- _Task goal_
Print out the full material below, exact in every line, with no images included.

- _Dataset excerpts_
*****
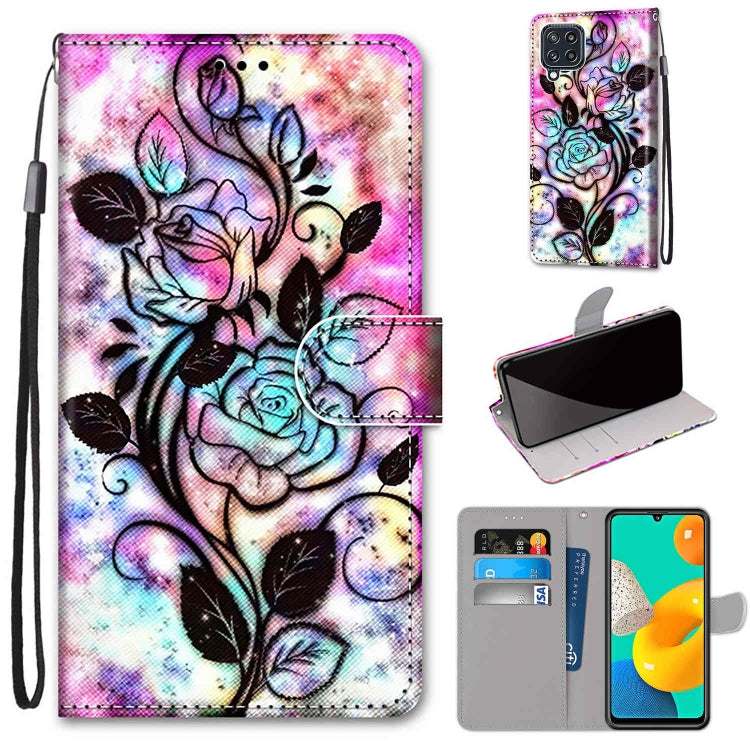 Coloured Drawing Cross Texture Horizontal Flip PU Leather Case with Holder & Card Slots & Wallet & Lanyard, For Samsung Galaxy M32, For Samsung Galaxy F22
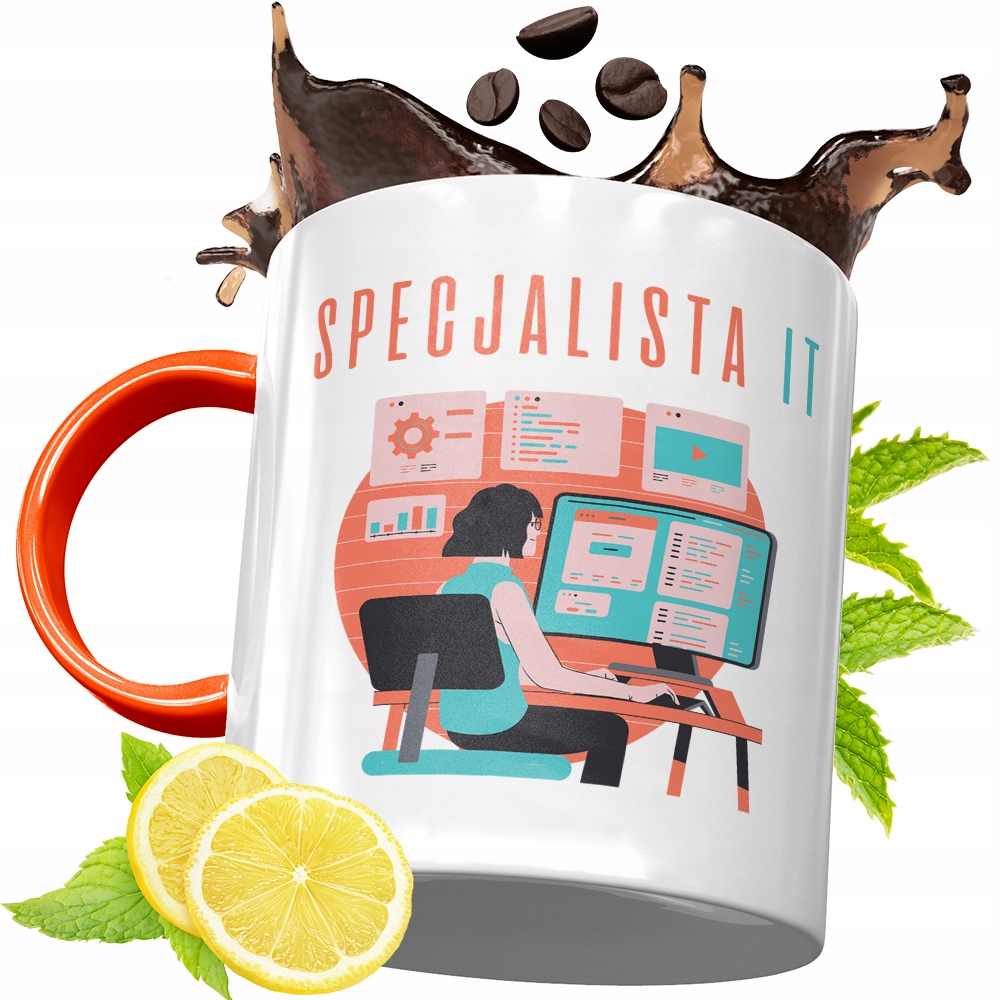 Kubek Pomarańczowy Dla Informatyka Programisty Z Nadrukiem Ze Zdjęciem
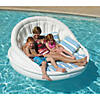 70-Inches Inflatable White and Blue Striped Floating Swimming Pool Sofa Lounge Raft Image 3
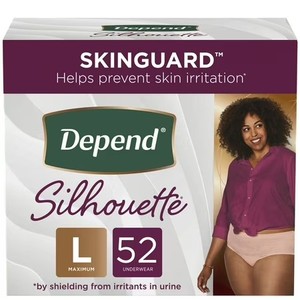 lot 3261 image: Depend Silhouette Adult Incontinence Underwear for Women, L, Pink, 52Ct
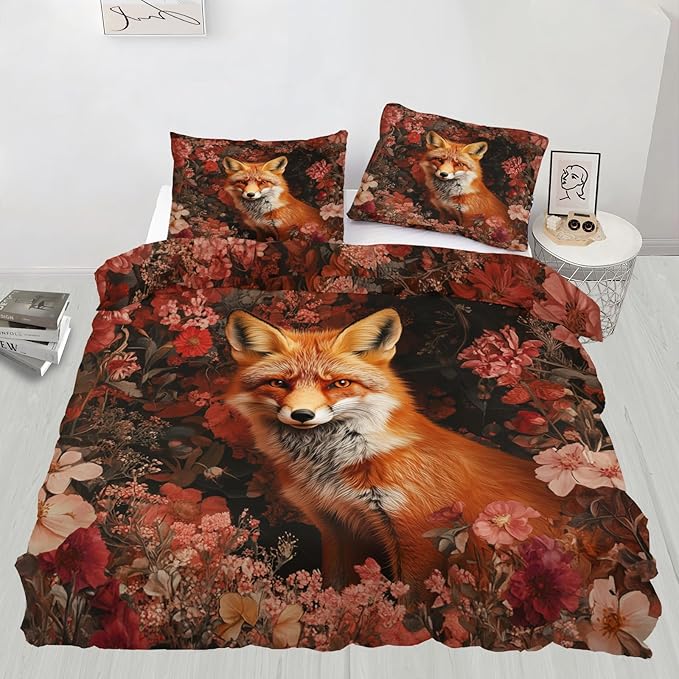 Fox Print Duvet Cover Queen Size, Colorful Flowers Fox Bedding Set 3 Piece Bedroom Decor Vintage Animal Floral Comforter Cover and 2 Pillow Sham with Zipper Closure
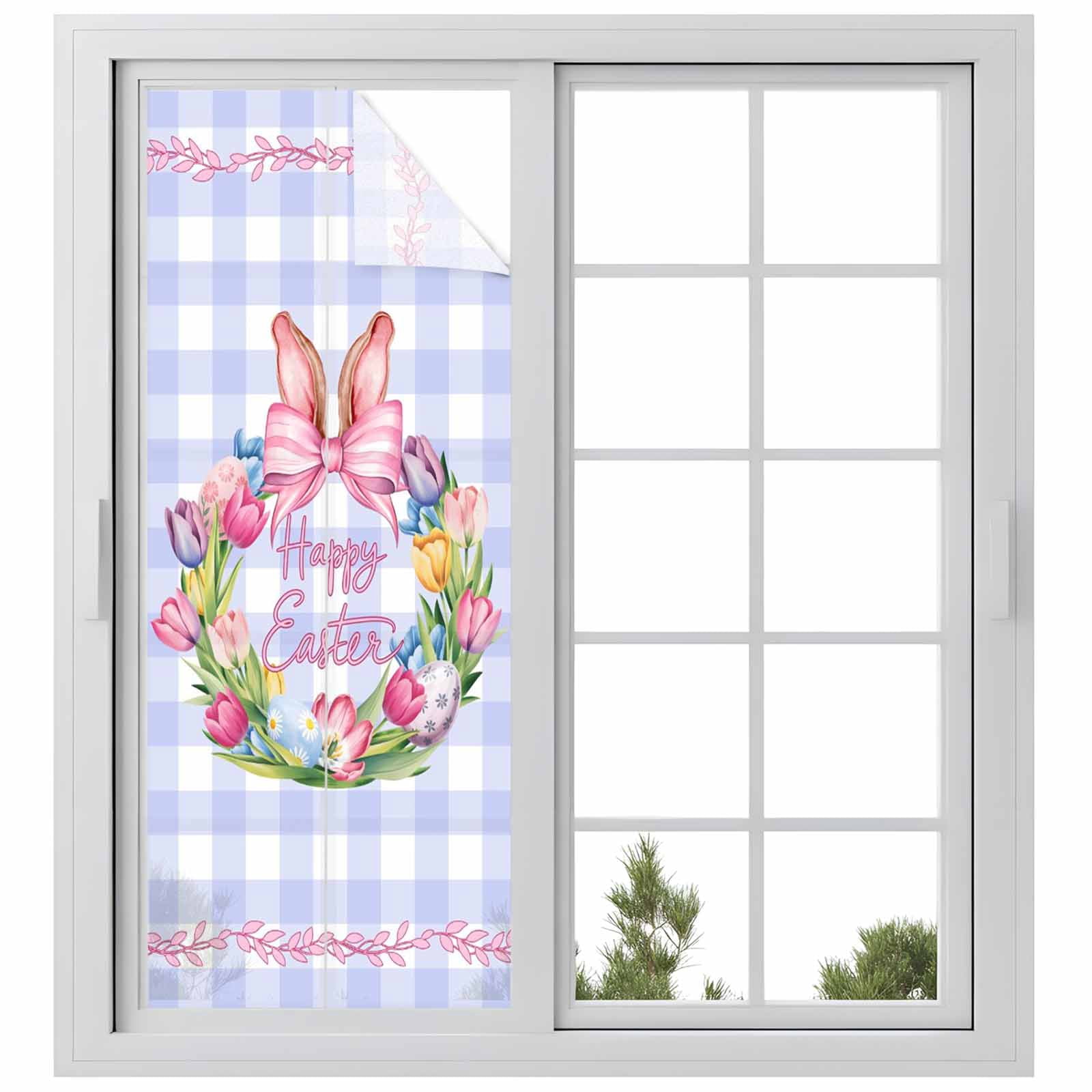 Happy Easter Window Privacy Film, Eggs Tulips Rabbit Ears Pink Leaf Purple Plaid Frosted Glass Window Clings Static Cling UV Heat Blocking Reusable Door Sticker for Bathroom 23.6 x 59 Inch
*****
- _Response to the task_
 Coloured Drawing Cross Texture Horizontal Flip PU Leather Case with Holder & Card Slots & Wallet & Lanyard, For Samsung Galaxy M32, For Samsung Galaxy F22
 Kubek Pomarańczowy Dla Informatyka Programisty Z Nadrukiem Ze Zdjęciem
 70-Inches Inflatable White and Blue Striped Floating Swimming Pool Sofa Lounge Raft Image 3
 lot 3261 image: Depend Silhouette Adult Incontinence Underwear for Women, L, Pink, 52Ct
 Fox Print Duvet Cover Queen Size, Colorful Flowers Fox Bedding Set 3 Piece Bedroom Decor Vintage Animal Floral Comforter Cover and 2 Pillow Sham with Zipper Closure
 Happy Easter Window Privacy Film, Eggs Tulips Rabbit Ears Pink Leaf Purple Plaid Frosted Glass Window Clings Static Cling UV Heat Blocking Reusable Door Sticker for Bathroom 23.6 x 59 Inch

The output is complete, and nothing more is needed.